Environment
import bs4
bs4.__version__
---
4.10.0'
import sys
print(sys.version)
---
3.8.10 (default, Nov 26 2021, 20:14:08)
[GCC 9.3.0]
BS4/XML Parser on XML with namespace definition
from bs4 import BeautifulSoup
xbrl_with_namespace = """
<?xml version="1.0" encoding="UTF-8"?>
<xbrl
xmlns:dei="http://xbrl.sec.gov/dei/2020-01-31"
>
<dei:EntityRegistrantName>
Hoge, Inc.
</dei:EntityRegistrantName>
</xbrl>
"""
soup = BeautifulSoup(xbrl_with_namespace, 'xml')
registrant = soup.find("dei:EntityRegistrantName")
print(registrant.prettify())
---
<dei:EntityRegistrantName>
Hoge, Inc.
</dei:EntityRegistrantName>
BS4/XML Parser on XML without namespace definition
xbrl_without_namespace = """
<?xml version="1.0" encoding="UTF-8"?>
<dei:EntityRegistrantName>
Hoge, Inc.
</dei:EntityRegistrantName>
</xbrl>
"""
soup = BeautifulSoup(xbrl_without_namespace, 'xml')

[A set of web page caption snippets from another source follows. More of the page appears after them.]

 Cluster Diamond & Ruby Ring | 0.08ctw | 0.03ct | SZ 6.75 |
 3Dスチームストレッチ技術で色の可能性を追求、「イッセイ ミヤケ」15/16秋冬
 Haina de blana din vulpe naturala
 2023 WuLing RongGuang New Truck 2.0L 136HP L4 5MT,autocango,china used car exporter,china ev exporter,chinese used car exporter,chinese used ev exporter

registrant = soup.find("dei:EntityRegistrantName")
print(registrant)
---
None
BS4/HTML Parser on XML without namespace definition
BS4/HTML parser regards <namespace>:<tag>
as a single tag, besides it lower the letters.
soup = BeautifulSoup(xbrl_without_namespace, 'html.parser')

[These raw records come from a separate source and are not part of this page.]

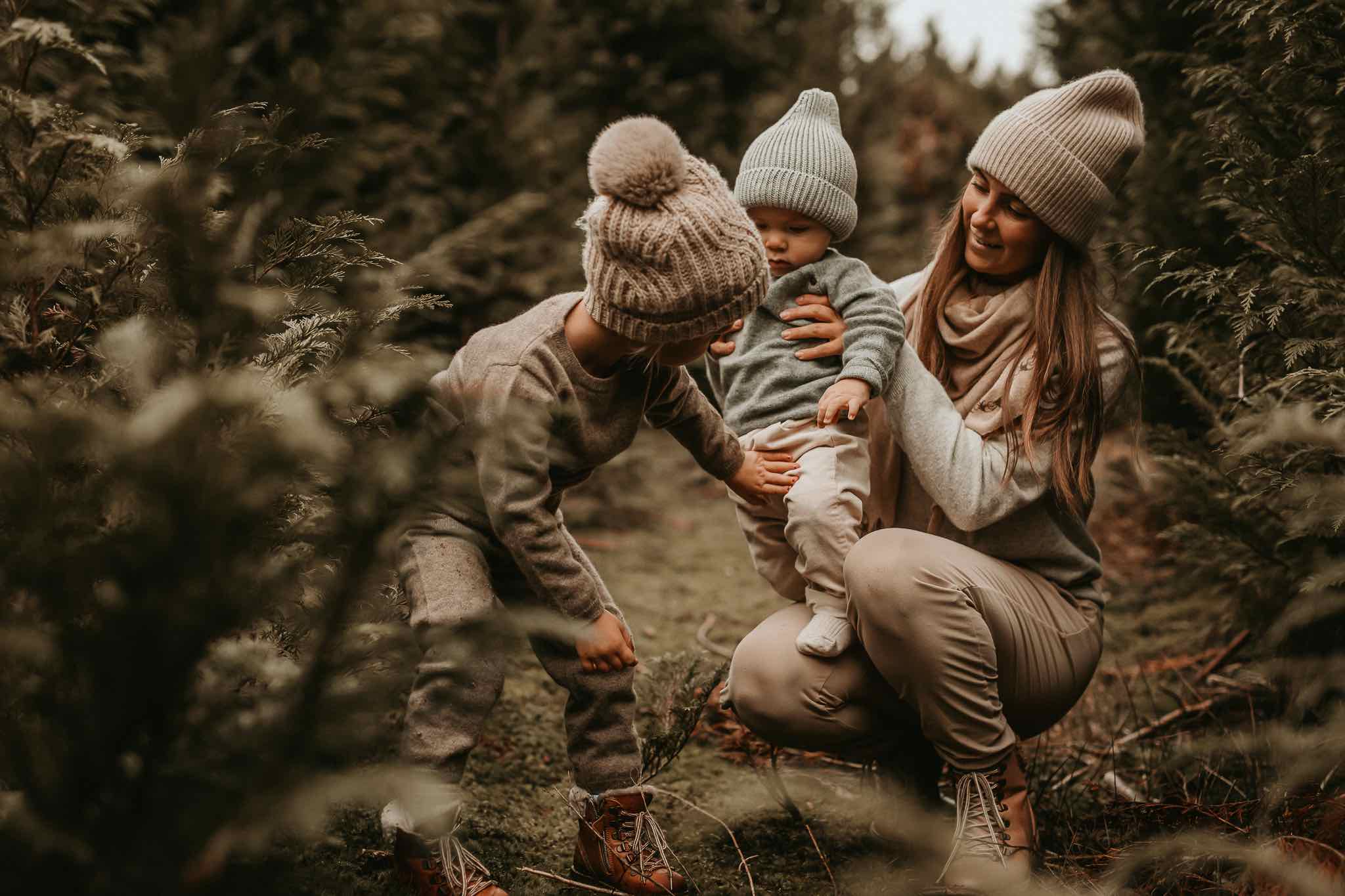 Cashmere bukser til baby - detalje af strikken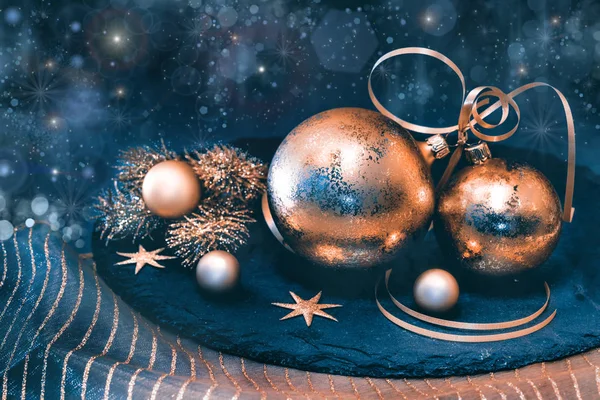 Goldene Weihnachtsdekoration auf dunklem Hintergrund — Stockfoto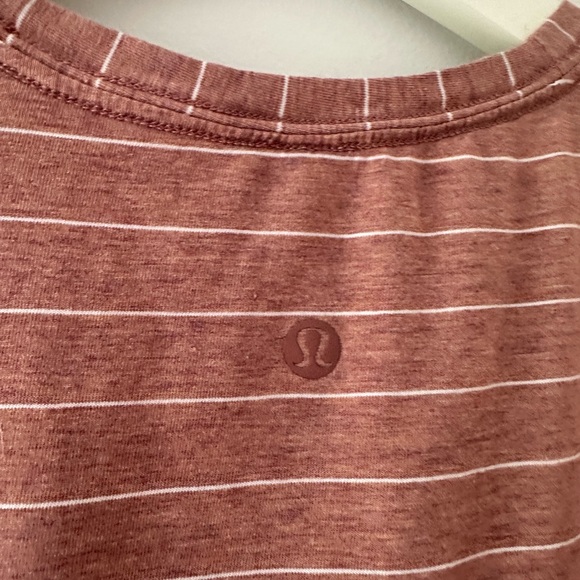 Lululemon Love T-Shirt - Picture 3 of 4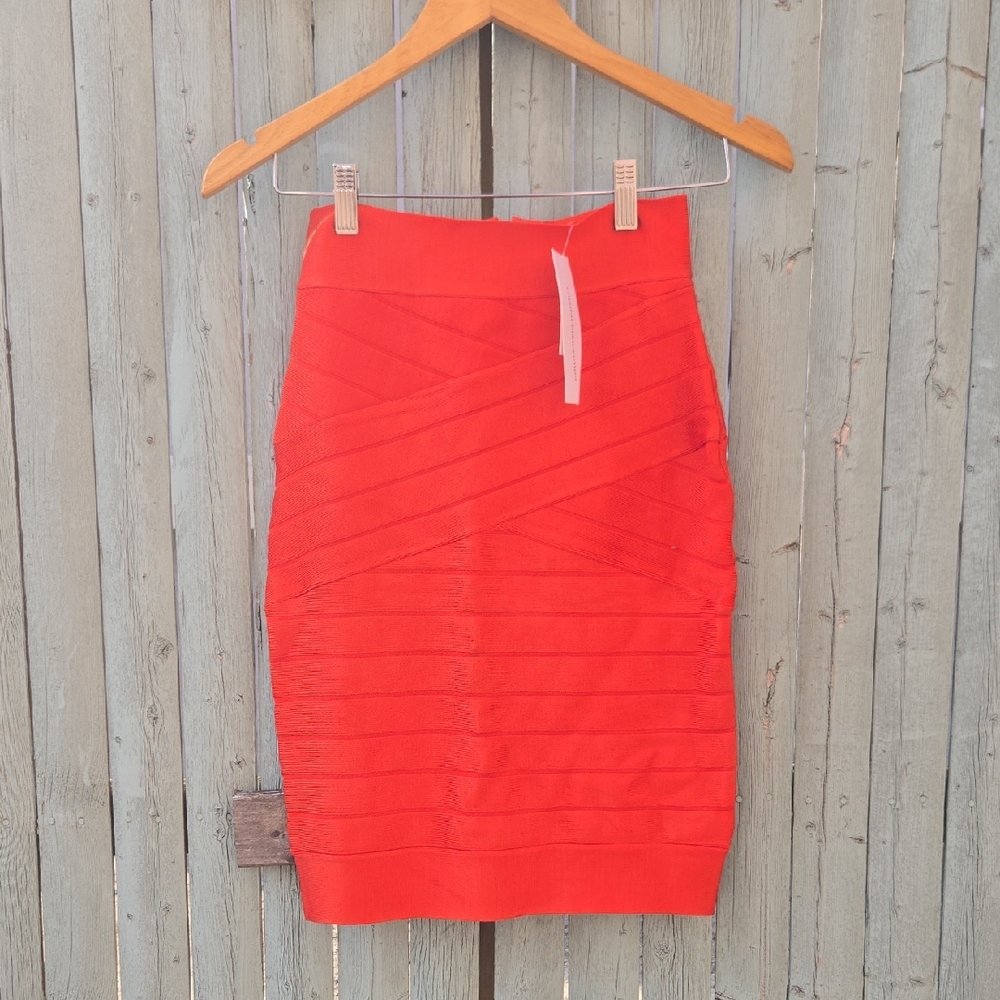French Connection Masai Red Bandage Bodycon Skirt NWT – Women’s Size 6
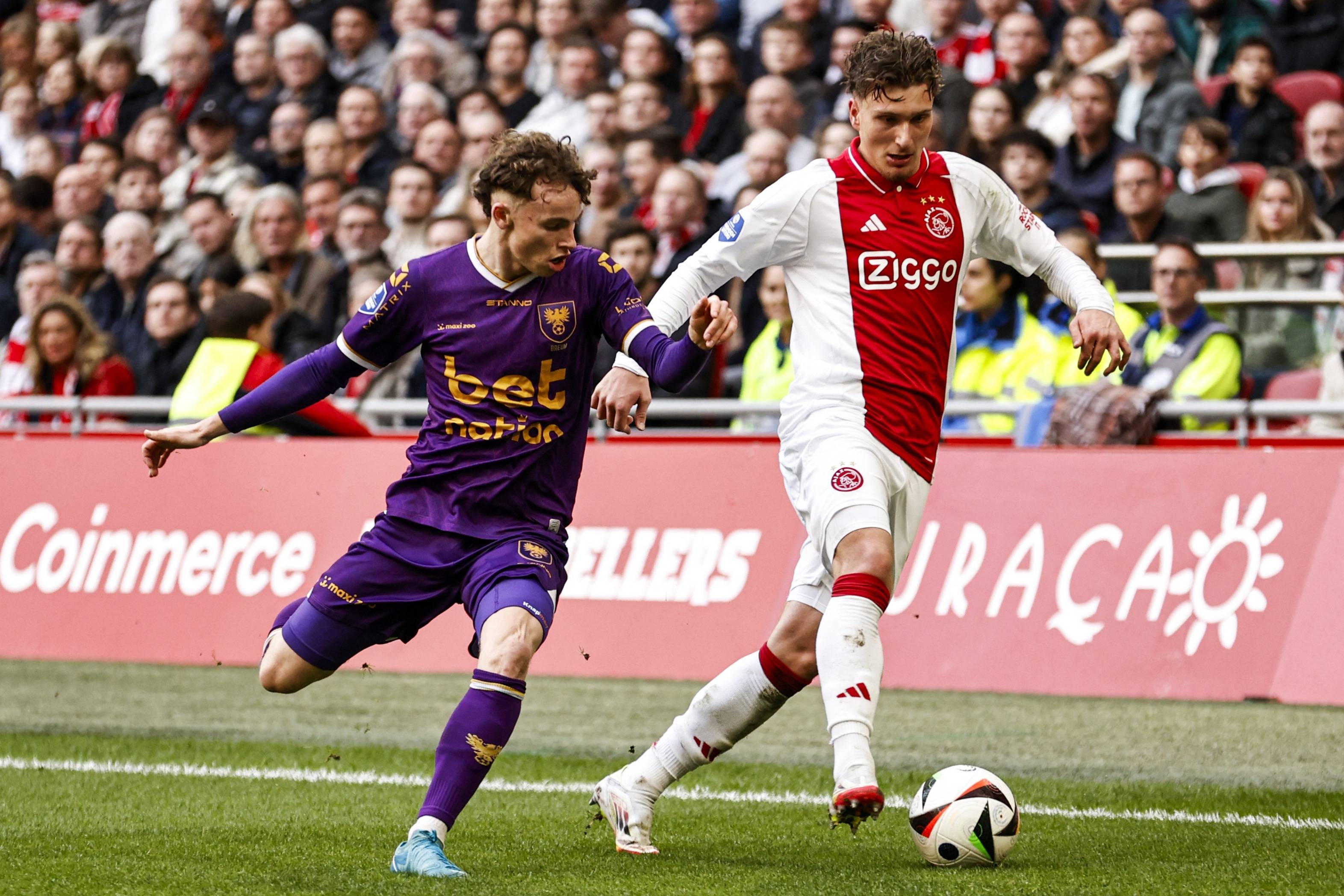 Celtic handed transfer hope amid £6.5m stand-off as coveted playmaker with ‘extra class’ addresses future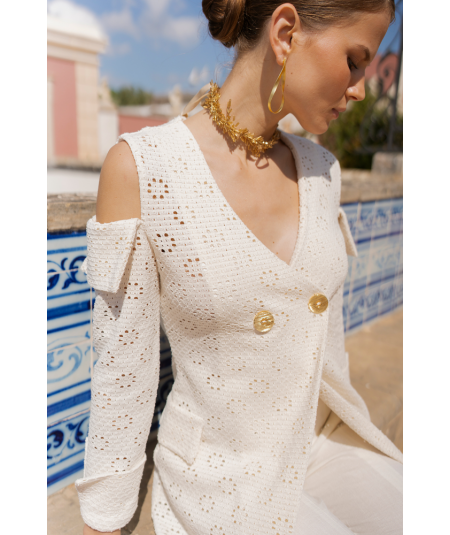 levita-khloe-perforada-strena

registrant = soup.find("dei:EntityRegistrantName".lower())
print(registrant)
---
<dei:entityregistrantname>
Hoge, Inc.
</dei:entityregistrantname>
Does not match with capital letters as they have been converted into lower letters.
registrant = soup.find("dei:EntityRegistrantName")
print(registrant)
---
None
Conclusion
- Provide the namespace definitions to use namespaces with XML parser, OR
- Use HTML parser and handle with all small letters.